Ben,
 
The definitions of intelligence might be derived from the notions of life given by Maturana and Varela.  Autopoietic is the term used there.
 
But it is the "social" requirement that a definition be given that is problematic here, as you know from similar discussions on this issue.  The life sciences have long been caught in a position of not being able to do something that is quite impossible, and this position is easily misunderstood.  There are things that are easier to define and then use the definitions as if this definition where the thing that is referenced.  Machine translation of text about these things is quite easy.  But the definition is never the thing itself, except in the special class of mental abstractions. Even here is is not so easy to know if a = a.
 
There is a class of things where the definition of what the thing is is problematic simply because those "things" are not amiable to definition.  Things that have emergence within the thing's history are generally examples of things that change in ways that make a definition difficult.  So "it" is so and so now, and then later it is something quite different.  One can shift the "definition" to be about things that change what their precise definition is, but this shift is rarely informative about the essence of the thing.  Like life itself.  We might need to take life as something that cannot be put into a shoe box, or into a computer processor.  These are principled arguments that one can not dismiss simply by behaving in a social fashion and claiming something else that has not been demonstrated. 
 
That "I" have not demonstrated precise definitions to the phenomenon of life or the phenomenon of intelligence is not a proper argument that you are right about the possibility of computer life.  I have not and likely cannot demonstrate such definitions because such definitions must be abstractions whose variance, from the reality we are discussing, is not only large but is not even measurable.  We simply cannot know the essence of some things except as an experience, and this experience may not be convertible (reduced to) a set of atomic definitions. 
 
To bad, but perhaps this is simple the way the natural world is.  How we choose to regard these questions will not change the nature of the world.   Not in the essence, at least. 
 
***
 
The requirement that there be "definitions" is a type of reductionism.  To say that there are real things that we either can not talk about very well precisely or can not understand at all is just to say what one feels is the case.  A "requirement" to give definitions is in these cases an external requirement that one does not have to accept.
 
It is in fact an imposition on me to for this issue to be treated as a religious-type tenant.
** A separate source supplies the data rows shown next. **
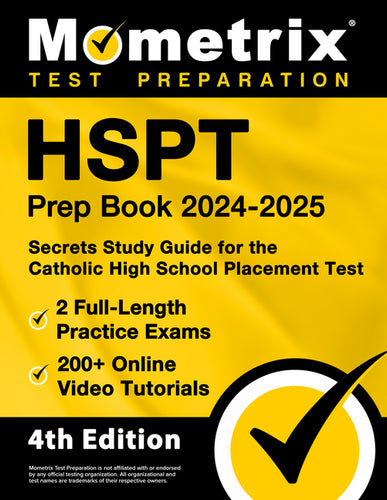 HSPT Prep Book 2024-2025 - 2 Full-Length Practice Exams, 200+ Online Video Tutorials, Secrets Study Guide for the Catholic High School Placement Test: - Paperback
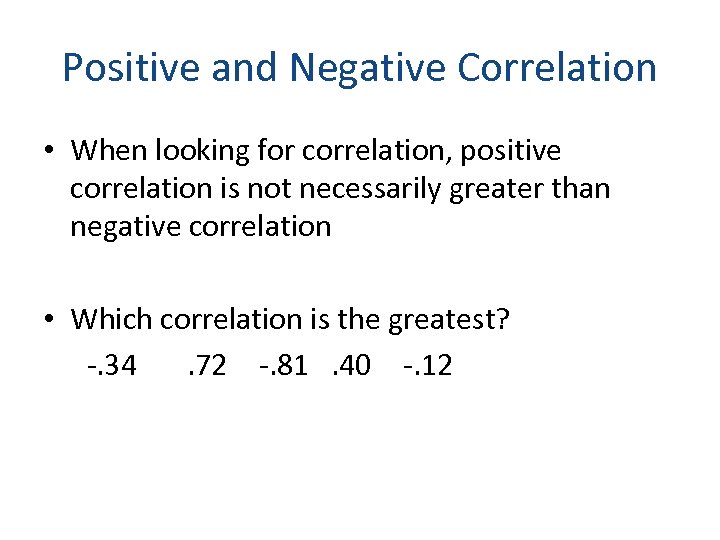 Positive and Negative Correlation • When looking for correlation, positive correlation is not necessarily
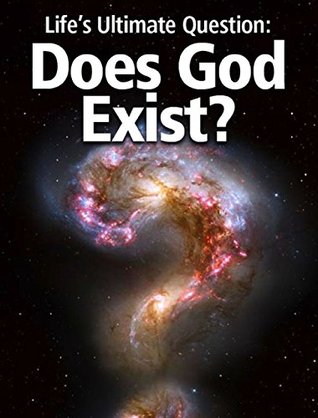 Life's Ultimate Question: Does God Exist? (Kindle Edition)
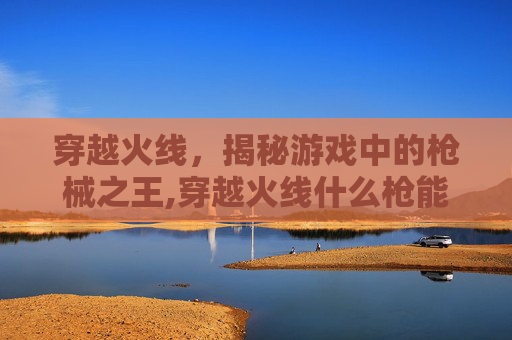 穿越火线，揭秘游戏中的枪械之王,穿越火线什么枪能穿墙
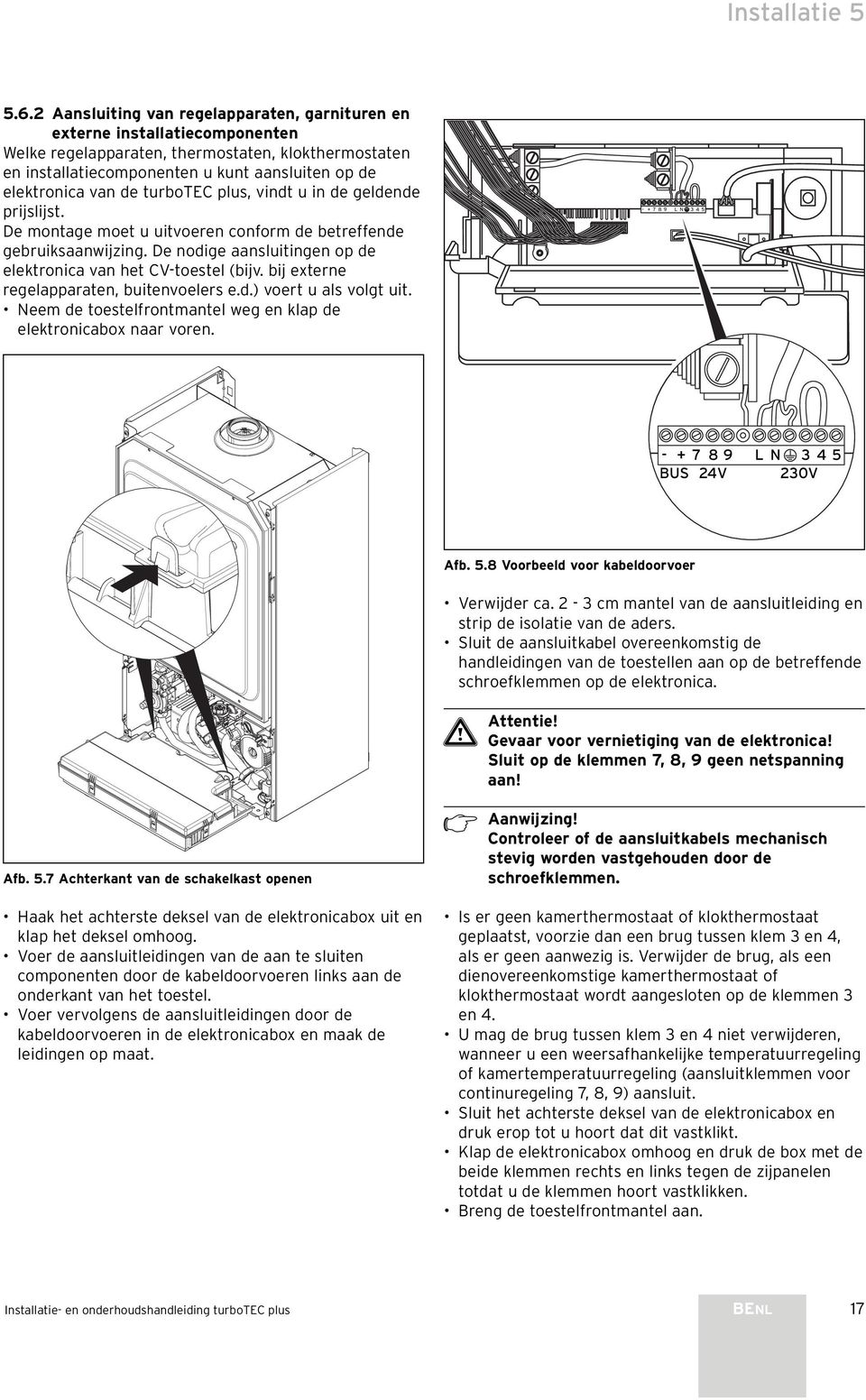 de turbotec plus, vindt u in de geldende prijslijst. De montage moet u uitvoeren conform de betreffende gebruiksaanwijzing. De nodige aansluitingen op de elektronica van het CV-toestel (bijv.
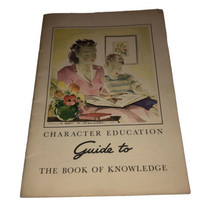 The Children’s Institute Character Education Guide to the Book of Knowledge 1957 - £5.31 GBP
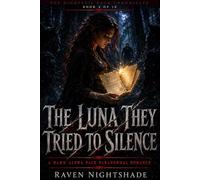 THE LUNA THEY TRIED TO SILENCE: A Dark Alpha Pack Paranormal Romance: 4 (The Nightveil Pack Chronicles)
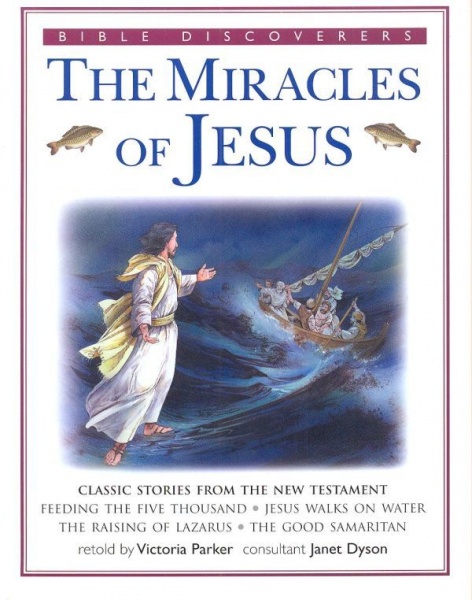 The Miracles Of Jesus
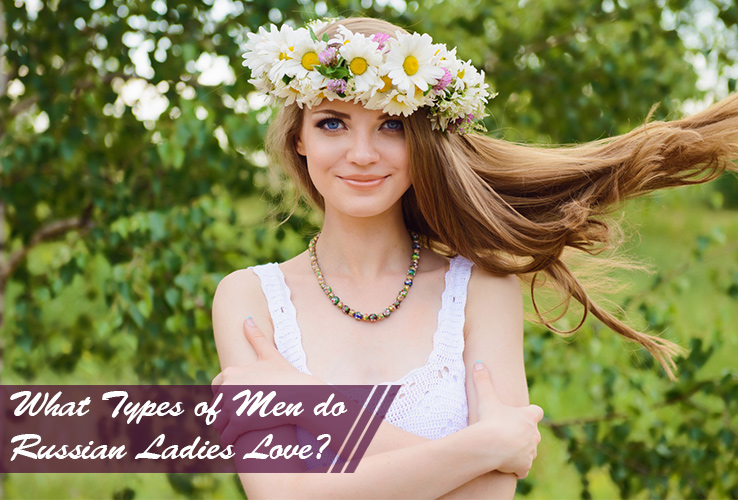 What Types of Men do Russian Ladies Love?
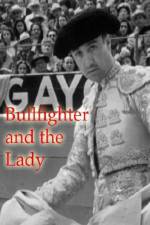 Watch Bullfighter and the Lady Merdb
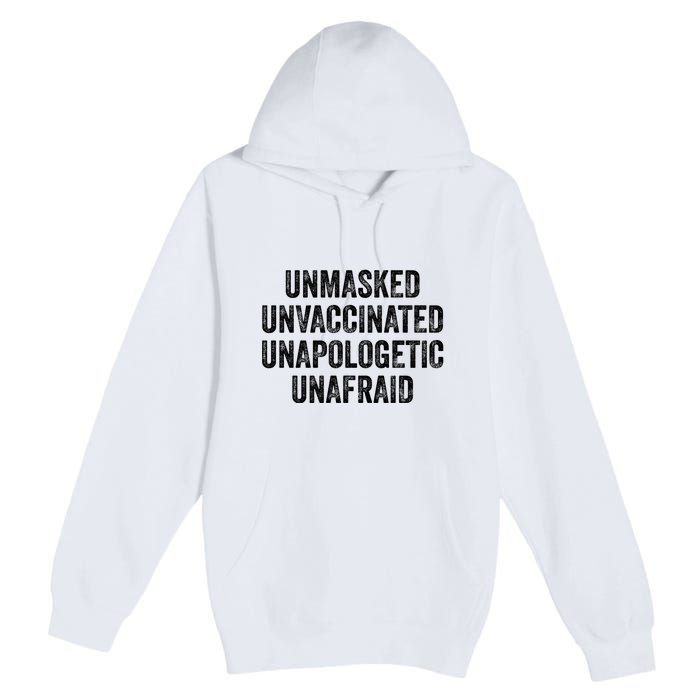 Unmasked Unvaccinated Unapologetic Unafraid Premium Pullover Hoodie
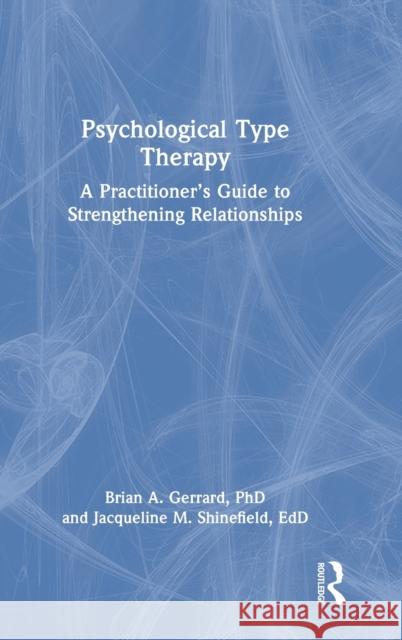 Psychological Type Therapy: A Practitioner's Guide to Strengthening Relationships Brian A. Gerrard Jacqueline Shinefield 9780367562892 Routledge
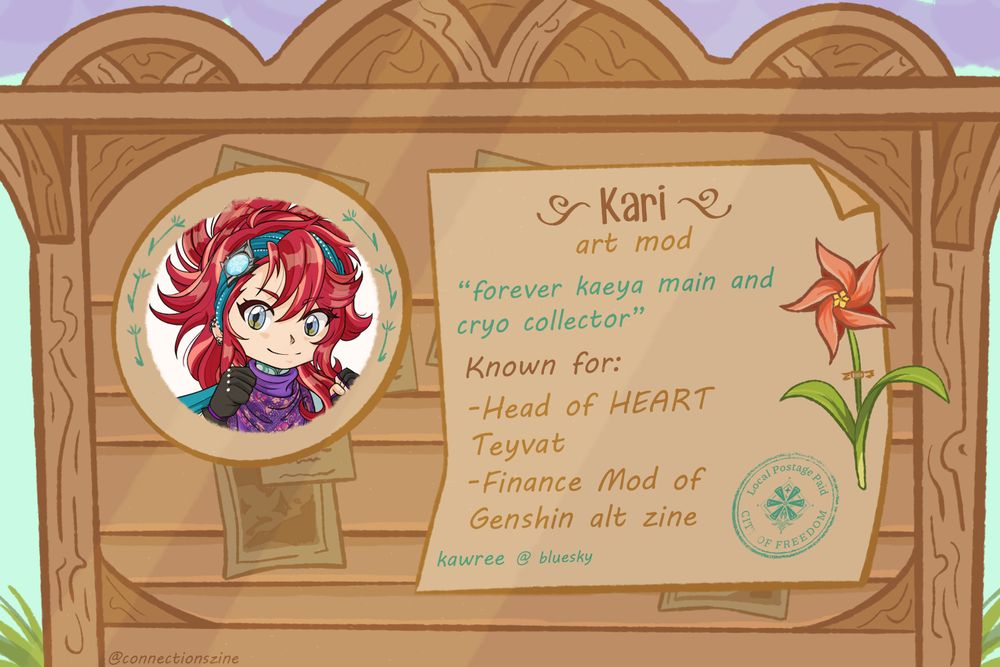 Mondstadt message board with a winwheel aster pinned to it, above the following note: Kari, Art Mod. "Forever Kaeya main and cryo collector." Known for being the Head Mod of HEART Teyvat, and the Finance Mod of the Genshin Alt zine. kawree @ bsky.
I say this hoping that you will see where the argument starts from, in my opinion.  The technical challenges facing this new field of endeavor, that I have myself recently created, called differential ontology; depends strongly on the explicit social agreement that things cannot be known precisely and yet one might create computational processes that produce a sign system that points (as in later Wittgenstein) at the structure of human discourse.  It is simply a computational process that does these types of things that I am looking for, not a baby. 
 
I do not accept this requirement for exact definitions to things like intelligence based on a principled argument that the nature of the world does not admit to this requirement.  I think you will find this position in later Wittgenstein and else where.  Also, I read Peirce quite differently than you do. 
 
I actually am making the point that no machine has achieved any reasonable definition of intelligence, and pointing out that the claim that this will eventually happen is a claim that does not have plausible evidence based on the effort over the past fifty years, PLUS an analysis of the categorical difference between abstraction and natural things that are not abstractions.
 
I have defined the Manhattan Project to establish Knowledge Science is a different fashion that the one that you give.
 
This is essentially the core of the issue between you and now right now. 
 
I want to advance the science of knowledge sharing and knowledge experience, and I do not think that a computer is an essential part of either knowledge sharing and knowledge experience.  So far, we use the computer to develop illusions that models are very close to reality, when in fact there is a lot of false sense making going on.  The IT sector then prostitutes these illusions to gain economic flow. 
 
The value that the computer gives to us is paid for in many many ways that have strong similarity to the exploitation of the environment, and the "third world, that the industrial age caused.  The damage is hidden now in the eyes of most, but perhaps the inability to share simple information within the intelligence community is waking folks up to the process.  Something has to be done to change this failure of IT to deliver on knowledge sharing facilitation. 
 
I am not sure that you see how different my motivation is.  It is easy to not see the points that I am making, although I have become quite practiced at saying things precisely and crisply.
 
And as always, I do not read interspersed text on principle that what I am saying has the context of the entire message.